### Work required
Would you please set down, word for word, the lines from the one with "HiKoki 0088-8092 Phillips" through the final line of the data below, omitting any pictures?

### Data for this exercise
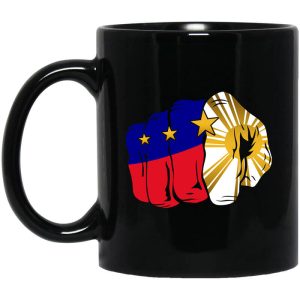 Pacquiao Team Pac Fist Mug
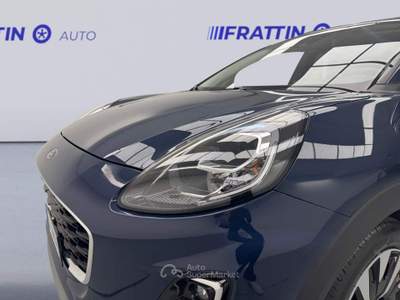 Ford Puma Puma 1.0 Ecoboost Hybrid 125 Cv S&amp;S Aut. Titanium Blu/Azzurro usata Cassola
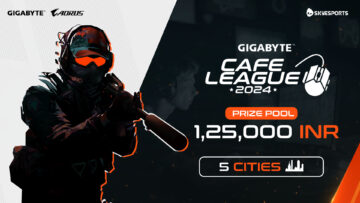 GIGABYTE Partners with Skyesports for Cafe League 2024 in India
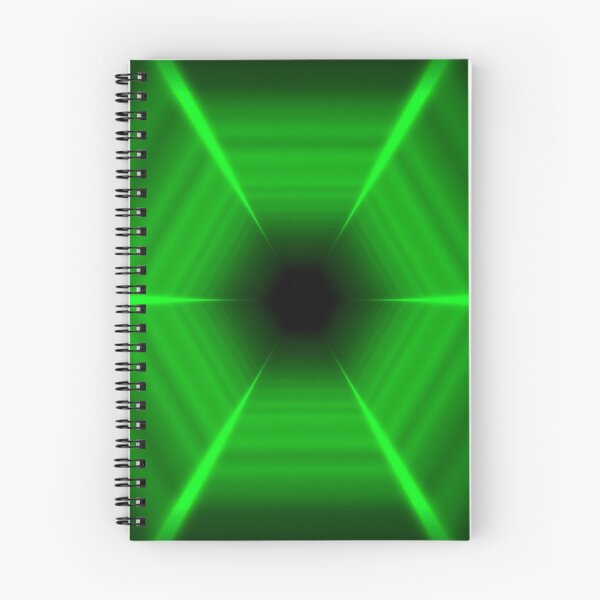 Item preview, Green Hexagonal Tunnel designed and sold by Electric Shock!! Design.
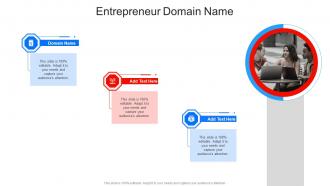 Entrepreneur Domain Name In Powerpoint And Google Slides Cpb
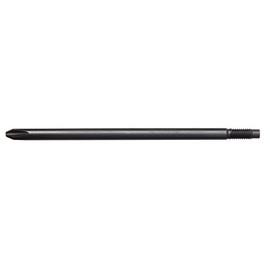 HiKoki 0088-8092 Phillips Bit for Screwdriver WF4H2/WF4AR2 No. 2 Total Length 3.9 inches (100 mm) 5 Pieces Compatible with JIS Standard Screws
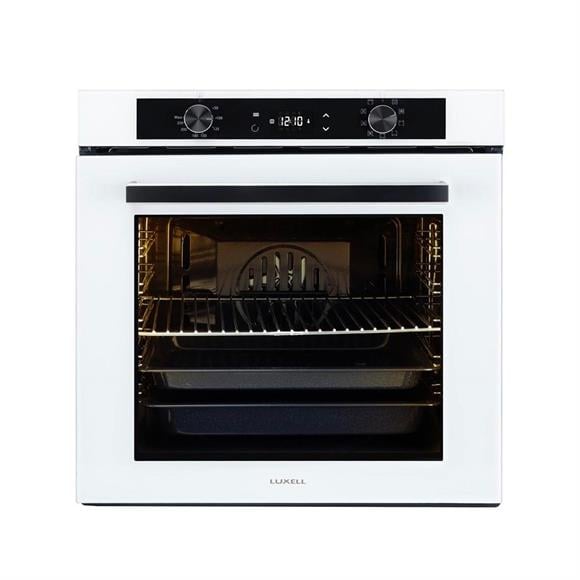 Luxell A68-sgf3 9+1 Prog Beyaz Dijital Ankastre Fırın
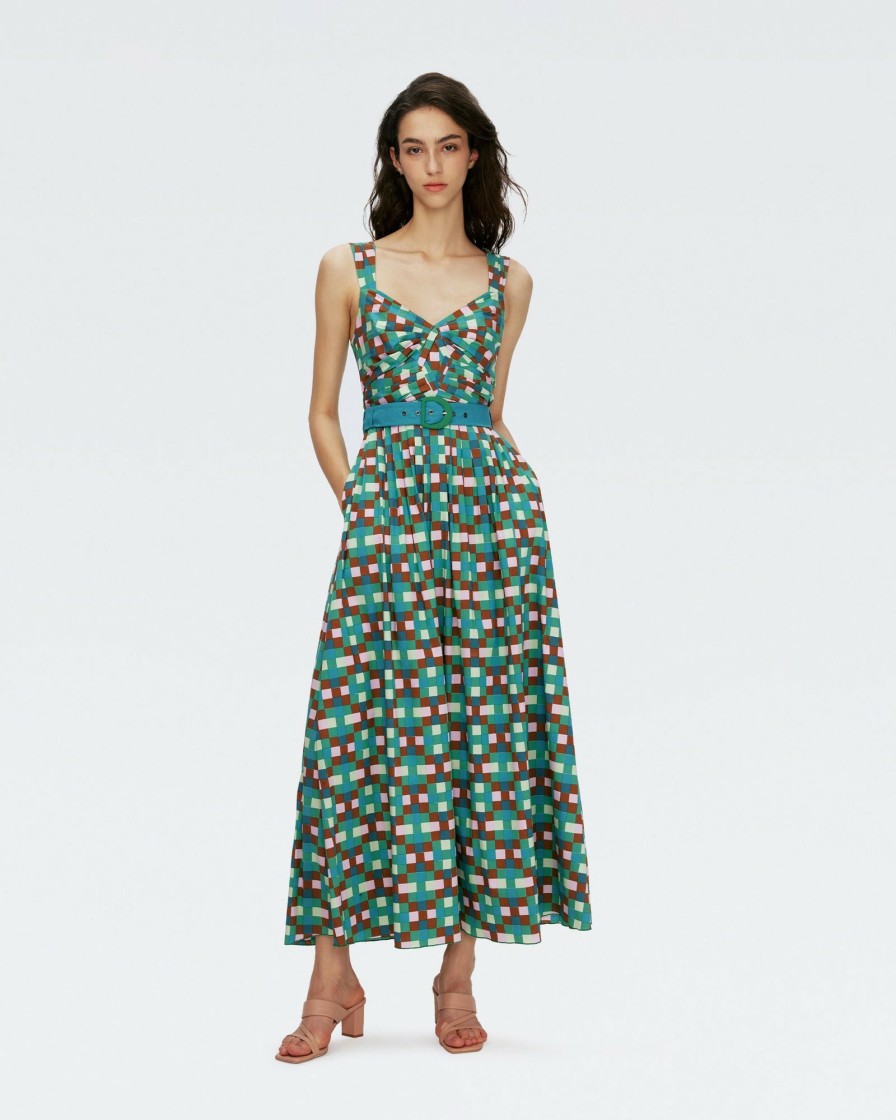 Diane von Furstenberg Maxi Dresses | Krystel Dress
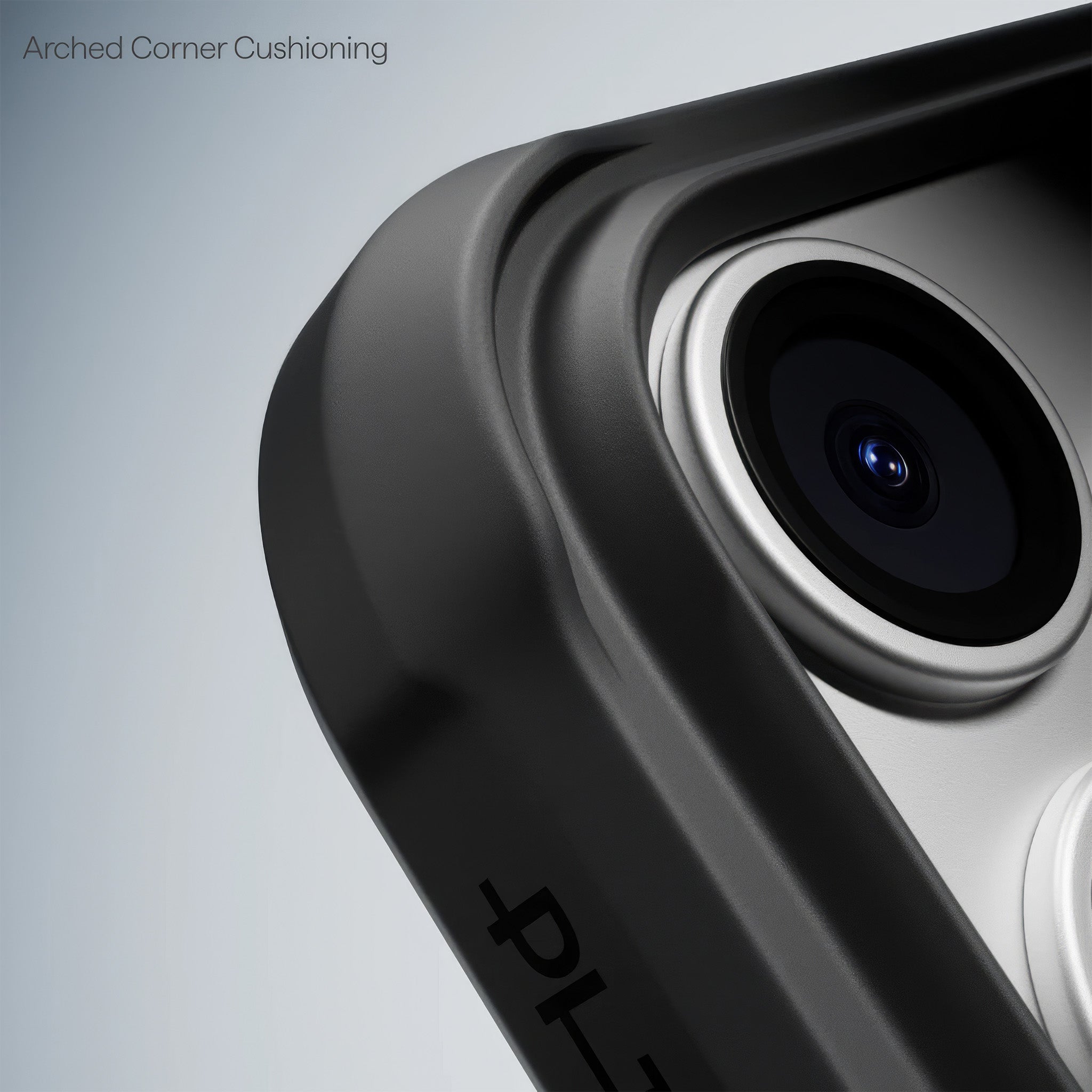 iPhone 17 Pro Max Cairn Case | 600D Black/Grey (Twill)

### Answer space
 HiKoki 0088-8092 Phillips Bit for Screwdriver WF4H2/WF4AR2 No. 2 Total Length 3.9 inches (100 mm) 5 Pieces Compatible with JIS Standard Screws
 Luxell A68-sgf3 9+1 Prog Beyaz Dijital Ankastre Fırın
 Diane von Furstenberg Maxi Dresses | Krystel Dress
 iPhone 17 Pro Max Cairn Case | 600D Black/Grey (Twill)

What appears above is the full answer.